Rule 5.1 requires Members to maintain such books, records and other documents that are necessary for the proper recording of its business transactions and financial affairs (i.e. any record created, used or maintained as part of Member business). As a result, this requirement is not limited to accounting records but would include client files, communications with clients and records of trade orders and client instructions (which would include the evidence of disclosure requirements contemplated under the Proposed Amendments).

The Proposed Amendments do not create any new presumptions against the Member or its Approved Persons. Rule 5.1(b) currently requires Members to keep an adequate record of each order and of any other instruction given or received for the purchase or sale of securities. In the absence of such a record (i.e. client notes), Approved Persons would presently leave themselves open to allegations of having engaged in unauthorized or inappropriate trading, without any documentary proof to substantiate a contrary position. The disadvantage created by this failure to comply with existing MFDA requirements is not impacted by the Proposed Amendments.

Costs

IFIC and Desjardins expressed the view that the Proposed Amendments will generate significant costs by requiring dealers to develop new forms and systems to store information and track and monitor compliance, as well as requiring additional compliance resources. Desjardins noted that, given the potential for generating trivial complaints if the Proposed Amendments become effective, dealers will be compelled to expend significant resources both in monitoring Approved Person compliance and developing information systems in order to generate the most precise estimates of fees.

MFDA Response

The Proposed Amendments codify and standardize existing industry practice and provide flexibility as to how clients can be made aware of the required information. As noted, the disclosure requirements of the Proposed Amendments may be satisfied either through the provision of a document or by having a discussion with the client. For the purpose of complying with the recording keeping requirements of proposed 5.1(b)(iv), Members may use the current methods that they employ to evidence client orders and instructions for example, maintaining detailed notes to file, taping telephone conversations or maintaining copies of client acknowledgements prior to the acceptance of the client order. Members may augment their existing compliance control environments by making back office changes; however, staff notes that achieving such compliance controls through a manual process would also be acceptable.

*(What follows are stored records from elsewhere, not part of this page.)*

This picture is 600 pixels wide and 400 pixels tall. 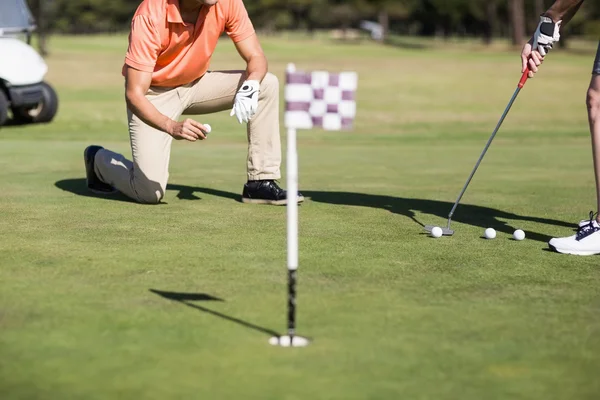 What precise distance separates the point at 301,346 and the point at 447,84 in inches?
1153

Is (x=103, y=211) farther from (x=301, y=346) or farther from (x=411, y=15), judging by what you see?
(x=411, y=15)

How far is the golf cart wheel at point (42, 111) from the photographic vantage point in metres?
16.0

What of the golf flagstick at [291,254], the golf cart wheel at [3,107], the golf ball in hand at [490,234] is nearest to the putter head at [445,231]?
the golf ball in hand at [490,234]

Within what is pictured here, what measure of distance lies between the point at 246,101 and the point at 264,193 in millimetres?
1127

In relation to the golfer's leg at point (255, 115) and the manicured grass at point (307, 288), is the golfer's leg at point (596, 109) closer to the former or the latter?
the manicured grass at point (307, 288)

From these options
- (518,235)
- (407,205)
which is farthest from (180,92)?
(518,235)

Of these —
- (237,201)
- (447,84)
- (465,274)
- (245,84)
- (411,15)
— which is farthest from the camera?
(411,15)

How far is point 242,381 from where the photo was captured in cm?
338

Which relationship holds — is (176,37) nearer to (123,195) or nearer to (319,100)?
(123,195)

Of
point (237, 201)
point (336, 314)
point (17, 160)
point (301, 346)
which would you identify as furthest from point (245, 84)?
point (17, 160)

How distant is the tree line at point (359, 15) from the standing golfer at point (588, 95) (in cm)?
8651

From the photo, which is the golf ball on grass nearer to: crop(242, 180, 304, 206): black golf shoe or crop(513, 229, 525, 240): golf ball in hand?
crop(513, 229, 525, 240): golf ball in hand

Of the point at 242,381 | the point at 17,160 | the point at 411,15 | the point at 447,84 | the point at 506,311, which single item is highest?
the point at 411,15

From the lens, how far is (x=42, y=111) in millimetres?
16219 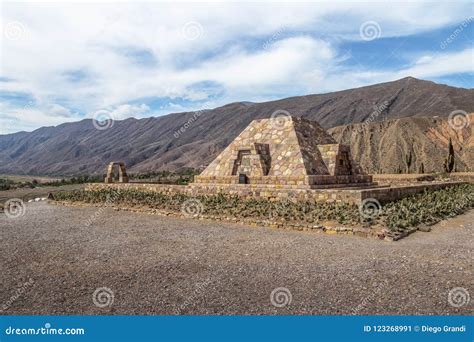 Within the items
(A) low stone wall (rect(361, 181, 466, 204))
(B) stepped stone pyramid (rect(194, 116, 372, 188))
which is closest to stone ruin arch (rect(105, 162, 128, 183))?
(B) stepped stone pyramid (rect(194, 116, 372, 188))

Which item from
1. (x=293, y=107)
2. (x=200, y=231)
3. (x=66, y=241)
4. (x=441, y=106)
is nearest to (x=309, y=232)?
(x=200, y=231)

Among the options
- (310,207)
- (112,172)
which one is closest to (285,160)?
(310,207)

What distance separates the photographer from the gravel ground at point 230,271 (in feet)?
16.7

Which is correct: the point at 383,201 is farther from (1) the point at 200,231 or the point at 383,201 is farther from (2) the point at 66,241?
(2) the point at 66,241

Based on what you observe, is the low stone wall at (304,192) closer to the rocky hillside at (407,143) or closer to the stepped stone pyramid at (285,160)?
the stepped stone pyramid at (285,160)

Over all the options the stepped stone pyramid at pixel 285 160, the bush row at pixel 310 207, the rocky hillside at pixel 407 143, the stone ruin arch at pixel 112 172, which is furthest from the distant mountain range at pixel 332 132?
the bush row at pixel 310 207

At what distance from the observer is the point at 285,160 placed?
15414 millimetres

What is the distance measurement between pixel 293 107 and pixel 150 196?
350 ft

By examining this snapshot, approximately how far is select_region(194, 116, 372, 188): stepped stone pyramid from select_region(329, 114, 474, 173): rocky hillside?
129 ft

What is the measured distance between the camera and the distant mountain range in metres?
59.7

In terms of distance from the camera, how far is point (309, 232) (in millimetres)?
10102

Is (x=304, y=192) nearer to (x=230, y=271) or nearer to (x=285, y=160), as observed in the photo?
(x=285, y=160)

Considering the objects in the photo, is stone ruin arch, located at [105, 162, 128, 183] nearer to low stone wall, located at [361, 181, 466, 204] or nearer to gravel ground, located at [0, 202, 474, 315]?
gravel ground, located at [0, 202, 474, 315]

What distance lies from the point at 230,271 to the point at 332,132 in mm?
65879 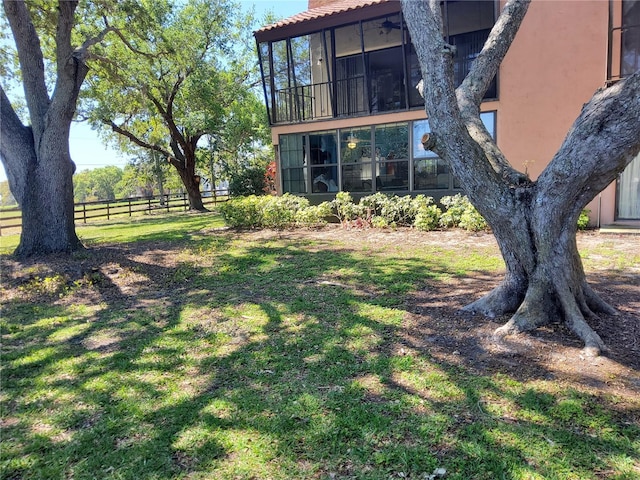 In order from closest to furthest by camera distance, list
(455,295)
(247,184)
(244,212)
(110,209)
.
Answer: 1. (455,295)
2. (244,212)
3. (247,184)
4. (110,209)

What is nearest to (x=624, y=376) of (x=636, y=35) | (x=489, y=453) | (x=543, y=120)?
(x=489, y=453)

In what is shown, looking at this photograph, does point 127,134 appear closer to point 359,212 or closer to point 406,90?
point 359,212

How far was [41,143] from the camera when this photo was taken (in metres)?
8.23

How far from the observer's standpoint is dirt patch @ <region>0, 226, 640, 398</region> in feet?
10.8

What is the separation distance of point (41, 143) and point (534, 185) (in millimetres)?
8703

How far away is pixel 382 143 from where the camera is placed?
11891 millimetres

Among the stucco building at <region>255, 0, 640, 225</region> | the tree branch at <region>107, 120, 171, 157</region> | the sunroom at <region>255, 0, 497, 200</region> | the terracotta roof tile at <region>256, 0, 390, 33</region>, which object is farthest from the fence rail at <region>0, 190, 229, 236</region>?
the terracotta roof tile at <region>256, 0, 390, 33</region>

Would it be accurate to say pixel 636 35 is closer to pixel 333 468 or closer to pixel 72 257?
pixel 333 468

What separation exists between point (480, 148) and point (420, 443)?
9.38ft

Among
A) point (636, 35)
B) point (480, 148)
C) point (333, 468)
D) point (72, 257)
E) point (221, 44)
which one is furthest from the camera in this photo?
point (221, 44)

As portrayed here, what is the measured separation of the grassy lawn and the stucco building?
21.4 ft

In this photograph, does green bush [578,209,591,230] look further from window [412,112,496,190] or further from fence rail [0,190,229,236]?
fence rail [0,190,229,236]

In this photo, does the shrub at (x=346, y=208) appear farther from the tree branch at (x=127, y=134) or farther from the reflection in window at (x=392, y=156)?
the tree branch at (x=127, y=134)

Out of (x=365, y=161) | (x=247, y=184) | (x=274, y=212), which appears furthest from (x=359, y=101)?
(x=247, y=184)
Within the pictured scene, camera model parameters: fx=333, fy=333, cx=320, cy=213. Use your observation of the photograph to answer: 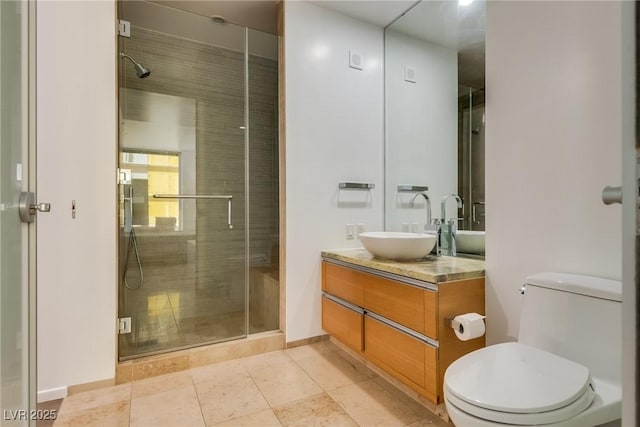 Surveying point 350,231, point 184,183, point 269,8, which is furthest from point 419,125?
point 184,183

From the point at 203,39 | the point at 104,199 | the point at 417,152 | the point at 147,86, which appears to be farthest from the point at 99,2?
the point at 417,152

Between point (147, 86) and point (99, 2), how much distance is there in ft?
1.90

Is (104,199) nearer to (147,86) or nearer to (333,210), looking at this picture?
(147,86)

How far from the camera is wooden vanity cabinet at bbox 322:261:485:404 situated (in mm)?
1580

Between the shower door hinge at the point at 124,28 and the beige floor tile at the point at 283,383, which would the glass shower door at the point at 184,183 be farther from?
the beige floor tile at the point at 283,383

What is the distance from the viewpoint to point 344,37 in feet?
8.98

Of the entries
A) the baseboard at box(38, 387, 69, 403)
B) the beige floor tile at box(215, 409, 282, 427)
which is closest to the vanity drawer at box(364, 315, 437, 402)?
the beige floor tile at box(215, 409, 282, 427)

Method of Providing Information re: Transaction Fees and Charges

Kenmar, noting that the proposed disclosure may be provided by way of verbal or written communication, recommended, where evidence of disclosure is obtained telephonically and taped, that the investor be advised that the conversation has been taped and will be retained on file. Both Kenmar and FAIR indicated that disclosure should be in plain language, in dollars and cents (to the extent practicable), avoid industry jargon, abbreviations, and acronyms, and be presented in a way that is meaningful to individual investors.

MFDA Response

Members that tape client telephone calls are currently required to provide clients with disclosure of this practice under existing privacy legislation. Members and Approved Persons are expected to provide the disclosure required under the Proposed Amendments in a manner that is clear, not misleading and consistent with its basic objectives, as noted above.